Another sad one (for different reasons) was a girl I treated on my first Notting Hill Carnival. She was poured (well mopped) onto our treatment centre where I was allocated to treat her. I placed her on a stretcher near a drain to let her get it out of her system. To gain an idea of what she had consumed in terms of drink (or worse) and to distract her mates from the fact that she was freely and voluminously peeing herself I started chatting to them. It turns out they were celebrating their exam results. When I asked how their A levels went, they told me they had just finished their GCSEs. As a product of the Scottish education system I have no idea how old one is when one sits these exams but I'm guessing around 15 or 16. To make matters worse, her friends told me they had been accepting cocktails from a strange bloke in a pub. At this point I struggled to stop my jaw hitting the floor. It may have been paternalistic and condescending but I spend the next couple of minutes explaining that accepting drinks from strangers is a bad idea at the best of times and even worse at Notting Hill (when all bets are off) and even big, ugly Scotsmen like me are wary of accepting freebies. They were insistent that they had drunk before (I don't doubt it) but given they were uniformly very well dressed and very well spoken I am willing to bet that the drinking was done at house parties with the parents upstairs or neighbours keeping a fairly close eye on proceedings.

And finally...

It's always entertaining when we get silly requests.
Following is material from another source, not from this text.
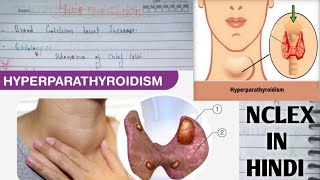 Hyperparathyroidism Nursing Symptoms Pathophysiology NCLEX  Parathyroid Hormone Gland Disorders [upl. by Epner]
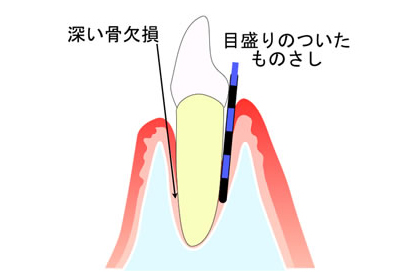 歯周再生治療の流れイメージ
As hinted at in the previous post, it is not unusual to be asked for condoms. Neither is it unusual to be asked for transport when transport is really not appropriate.

The funniest thing that happened to me involved no patient contact. It was my first duty (Notting Hill again) and due to a problem with the supply chain, I didn't have any uniform shirts. One of the others in the division kindly lent me one of theirs. Unfortunately I didn't get it until the morning of the duty. As I was changing into the shirt the call, "Brass" went up to indicate approaching senior officers. Not wanting to be caught half-naked by said officers, I make an attempt to dash into the back of the treatment centre with it's tinted windows... straight into the commissioner! Fortunately, she saw the funny side and even complimented me on my uniform presentation later in the day!

These are a small portion of the people I have met and treated. I hope it shows that treatment doesn't have to be dramatic to be rewarding and reflects the gratitude I feel towards the people that tell me their story and allow me into their lives.